**WORK TASK**: Copy nothing from the entries below except the lines from the one containing "une maison avec" through the one containing "Instructor showing a", and copy those exactly.

[[ RECORDS TO PROCESS open ]]

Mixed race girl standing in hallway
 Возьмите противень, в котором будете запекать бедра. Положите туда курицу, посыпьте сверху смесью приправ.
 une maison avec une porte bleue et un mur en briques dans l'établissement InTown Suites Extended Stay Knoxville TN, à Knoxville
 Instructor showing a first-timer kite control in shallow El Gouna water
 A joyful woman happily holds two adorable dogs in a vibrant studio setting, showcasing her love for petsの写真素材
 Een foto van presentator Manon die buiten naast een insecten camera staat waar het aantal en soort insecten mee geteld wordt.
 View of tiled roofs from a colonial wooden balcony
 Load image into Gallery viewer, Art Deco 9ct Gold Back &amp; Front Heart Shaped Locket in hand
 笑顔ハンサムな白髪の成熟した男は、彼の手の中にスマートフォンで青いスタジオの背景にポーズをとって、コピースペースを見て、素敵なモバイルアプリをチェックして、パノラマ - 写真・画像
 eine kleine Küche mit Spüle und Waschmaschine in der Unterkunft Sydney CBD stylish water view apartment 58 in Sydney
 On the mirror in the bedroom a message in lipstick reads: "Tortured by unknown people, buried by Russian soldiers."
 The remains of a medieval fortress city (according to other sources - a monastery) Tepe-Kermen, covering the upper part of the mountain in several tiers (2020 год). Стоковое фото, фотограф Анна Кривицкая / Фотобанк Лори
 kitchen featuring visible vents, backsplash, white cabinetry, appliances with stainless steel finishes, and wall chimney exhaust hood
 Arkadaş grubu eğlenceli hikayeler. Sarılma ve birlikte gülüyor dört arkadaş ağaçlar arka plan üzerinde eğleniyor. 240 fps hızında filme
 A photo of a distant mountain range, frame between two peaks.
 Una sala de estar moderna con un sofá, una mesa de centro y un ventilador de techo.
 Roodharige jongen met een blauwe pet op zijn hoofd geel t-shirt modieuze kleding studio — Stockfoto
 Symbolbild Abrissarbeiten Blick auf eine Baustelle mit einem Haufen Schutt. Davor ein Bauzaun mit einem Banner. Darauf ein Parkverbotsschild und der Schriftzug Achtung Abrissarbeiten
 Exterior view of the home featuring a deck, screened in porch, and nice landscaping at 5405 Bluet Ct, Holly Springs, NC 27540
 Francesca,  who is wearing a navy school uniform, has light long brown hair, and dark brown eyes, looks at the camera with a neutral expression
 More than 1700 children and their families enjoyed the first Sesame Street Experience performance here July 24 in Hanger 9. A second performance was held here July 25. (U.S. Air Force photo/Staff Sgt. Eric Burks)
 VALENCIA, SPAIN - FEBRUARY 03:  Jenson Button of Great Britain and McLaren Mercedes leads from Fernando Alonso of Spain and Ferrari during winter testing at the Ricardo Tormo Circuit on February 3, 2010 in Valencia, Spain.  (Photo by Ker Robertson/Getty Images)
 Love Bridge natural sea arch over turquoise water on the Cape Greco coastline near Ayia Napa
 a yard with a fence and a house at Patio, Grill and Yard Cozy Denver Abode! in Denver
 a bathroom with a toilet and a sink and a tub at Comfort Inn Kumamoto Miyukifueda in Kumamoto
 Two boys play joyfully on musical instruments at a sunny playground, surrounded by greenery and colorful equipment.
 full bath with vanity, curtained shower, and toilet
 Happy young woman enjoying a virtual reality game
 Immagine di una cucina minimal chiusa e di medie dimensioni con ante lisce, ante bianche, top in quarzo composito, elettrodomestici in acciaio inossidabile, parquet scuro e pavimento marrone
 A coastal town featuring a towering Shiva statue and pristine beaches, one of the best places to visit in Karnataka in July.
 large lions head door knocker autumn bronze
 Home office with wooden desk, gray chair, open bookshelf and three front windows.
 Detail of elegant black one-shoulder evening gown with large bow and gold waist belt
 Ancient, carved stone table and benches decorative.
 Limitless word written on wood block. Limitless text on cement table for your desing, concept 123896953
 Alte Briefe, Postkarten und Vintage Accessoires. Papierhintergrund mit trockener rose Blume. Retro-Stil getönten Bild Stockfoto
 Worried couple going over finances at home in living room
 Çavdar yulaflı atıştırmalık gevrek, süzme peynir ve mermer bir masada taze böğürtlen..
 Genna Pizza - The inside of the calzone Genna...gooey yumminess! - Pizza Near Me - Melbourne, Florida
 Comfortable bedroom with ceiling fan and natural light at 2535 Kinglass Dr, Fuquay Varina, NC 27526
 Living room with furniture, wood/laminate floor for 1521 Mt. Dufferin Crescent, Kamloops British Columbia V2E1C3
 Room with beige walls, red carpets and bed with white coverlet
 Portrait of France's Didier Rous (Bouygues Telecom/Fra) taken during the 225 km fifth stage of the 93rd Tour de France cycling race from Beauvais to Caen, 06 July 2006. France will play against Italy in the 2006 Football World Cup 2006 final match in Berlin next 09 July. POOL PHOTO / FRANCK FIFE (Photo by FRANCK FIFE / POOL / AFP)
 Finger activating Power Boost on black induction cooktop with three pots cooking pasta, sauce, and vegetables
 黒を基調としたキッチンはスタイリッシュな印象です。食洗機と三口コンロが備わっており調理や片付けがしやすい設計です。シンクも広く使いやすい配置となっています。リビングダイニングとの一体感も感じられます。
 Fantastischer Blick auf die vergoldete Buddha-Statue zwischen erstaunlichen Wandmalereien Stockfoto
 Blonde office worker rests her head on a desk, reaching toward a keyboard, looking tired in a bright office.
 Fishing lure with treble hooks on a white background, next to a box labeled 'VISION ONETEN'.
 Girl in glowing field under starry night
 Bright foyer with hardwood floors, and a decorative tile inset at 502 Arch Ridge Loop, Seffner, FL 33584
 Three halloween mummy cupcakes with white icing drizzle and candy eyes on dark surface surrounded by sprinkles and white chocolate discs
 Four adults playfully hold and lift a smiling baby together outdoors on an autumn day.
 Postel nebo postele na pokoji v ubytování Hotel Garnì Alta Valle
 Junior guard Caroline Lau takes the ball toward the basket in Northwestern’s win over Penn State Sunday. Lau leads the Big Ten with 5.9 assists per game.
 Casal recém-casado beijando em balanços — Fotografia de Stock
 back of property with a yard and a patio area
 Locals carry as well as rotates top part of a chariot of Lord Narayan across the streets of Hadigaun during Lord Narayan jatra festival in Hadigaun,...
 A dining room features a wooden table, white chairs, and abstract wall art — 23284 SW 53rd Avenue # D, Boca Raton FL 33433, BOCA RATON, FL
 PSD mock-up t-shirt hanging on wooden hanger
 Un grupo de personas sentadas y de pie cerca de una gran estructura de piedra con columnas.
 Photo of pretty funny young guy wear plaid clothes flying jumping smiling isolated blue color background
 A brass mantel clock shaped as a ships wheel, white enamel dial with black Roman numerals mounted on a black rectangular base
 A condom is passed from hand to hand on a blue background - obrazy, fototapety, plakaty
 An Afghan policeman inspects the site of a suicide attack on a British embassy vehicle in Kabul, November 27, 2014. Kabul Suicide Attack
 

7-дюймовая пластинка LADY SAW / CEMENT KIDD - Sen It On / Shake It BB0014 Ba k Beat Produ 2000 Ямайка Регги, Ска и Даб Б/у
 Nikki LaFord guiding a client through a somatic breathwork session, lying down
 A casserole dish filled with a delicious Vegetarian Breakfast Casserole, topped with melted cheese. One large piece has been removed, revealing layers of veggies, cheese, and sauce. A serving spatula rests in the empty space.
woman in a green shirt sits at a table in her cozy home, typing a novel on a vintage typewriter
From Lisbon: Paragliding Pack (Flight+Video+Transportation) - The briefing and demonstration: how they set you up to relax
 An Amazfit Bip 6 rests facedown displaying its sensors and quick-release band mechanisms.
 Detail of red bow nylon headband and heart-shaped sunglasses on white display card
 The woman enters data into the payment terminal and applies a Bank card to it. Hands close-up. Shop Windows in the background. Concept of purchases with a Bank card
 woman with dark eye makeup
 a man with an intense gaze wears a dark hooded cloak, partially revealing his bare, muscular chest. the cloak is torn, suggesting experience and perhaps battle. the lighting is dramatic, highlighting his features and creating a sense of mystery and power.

[[ RECORDS TO PROCESS closed ]]

**RESULT FOR THIS EXERCISE**:
 une maison avec une porte bleue et un mur en briques dans l'établissement InTown Suites Extended Stay Knoxville TN, à Knoxville
 Instructor showing a first-timer kite control in shallow El Gouna water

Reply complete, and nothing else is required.